Enfin le nouveau dispositif ne parviendra pas à masquer et à pallier les insuffisances croissantes en terme de personnels et de moyens dans le domaine de la santé dans de nombreux territoires (périphériques, ruraux, ultra-marins…).
Les revendications du snU.pden-FSU
Le snU.pden-FSU dénonce la généralisation d’un dispositif une nouvelle fois sans réel bilan de l’expérimentation et sans concertation avec les différents professionnels (personnels de l’Education nationale et personnels médico-sociaux) et avec les partenaires sociaux.

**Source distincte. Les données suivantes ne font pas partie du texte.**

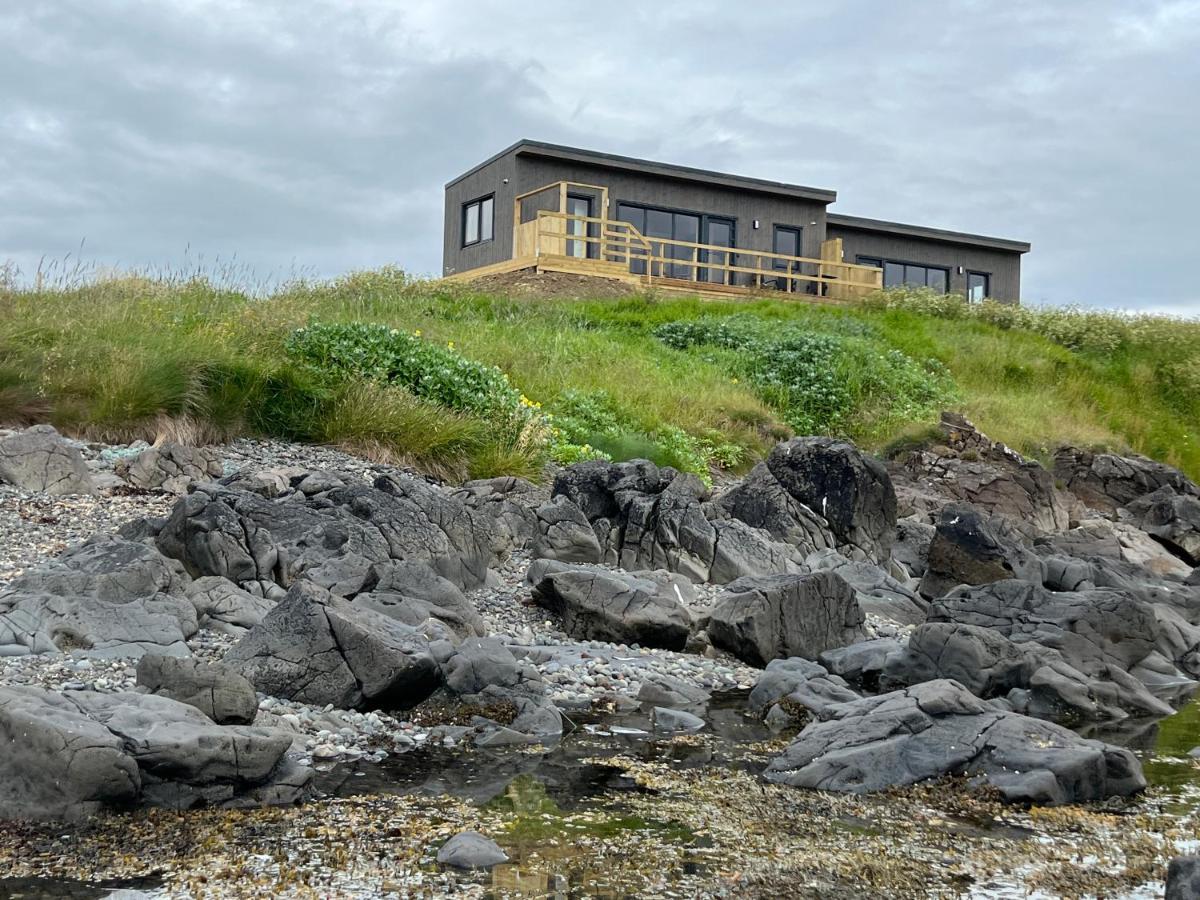 Eyri Seaside Houses Hvammstangi Exterior photo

Dans un contexte à la fois de multiplication des situations dans les établissements, de réduction des moyens et d’absence de formation et d’accompagnement des personnels, la question des réponses à apporter aux élèves à besoins particuliers devient de plus en plus tendue : face à une situation où dans la classe il devient de plus en plus difficile pour l’enseignant de répondre au nombre et à la diversité des besoins particuliers des élèves et où la logique budgétaire ne permet pas de répondre aux besoins en terme d’accompagnement AESH, il n’est plus possible pour les personnels de l’Education nationale – et en premier lieu les personnels de direction – de tenir aux parents le discours que l’Ecole est dans la mesure de répondre aux besoins de leurs enfants.
Davantage qu’une refonte, c’est d’une confirmation du fonctionnement des PIAL comme outils de gestion d’une main d’œuvre précarisée et flexibilisée qu’il s’agit, au détriment des conditions de développement professionnel et de collaboration interprofessionnelle en faveur de l’accessibilité des apprentissages.
Sans réelle ambition transformatrice, simple aménagement de surface pour répondre en temps réel à la demande sur un “marché” de l’inclusion scolaire en pleine expansion, cette évolution du dispositif n’est pas à la hauteur des besoins d’une vraie politique d’inclusion.
C’est une toute autre politique pour l’Ecole (et pour la Santé) qui est nécessaire : une politique avec des moyens croissants, à savoir davantage de personnels, mieux formés, des effectifs moins chargés dans les classes et une véritable revalorisation du statut et des conditions de travail des personnels AESH.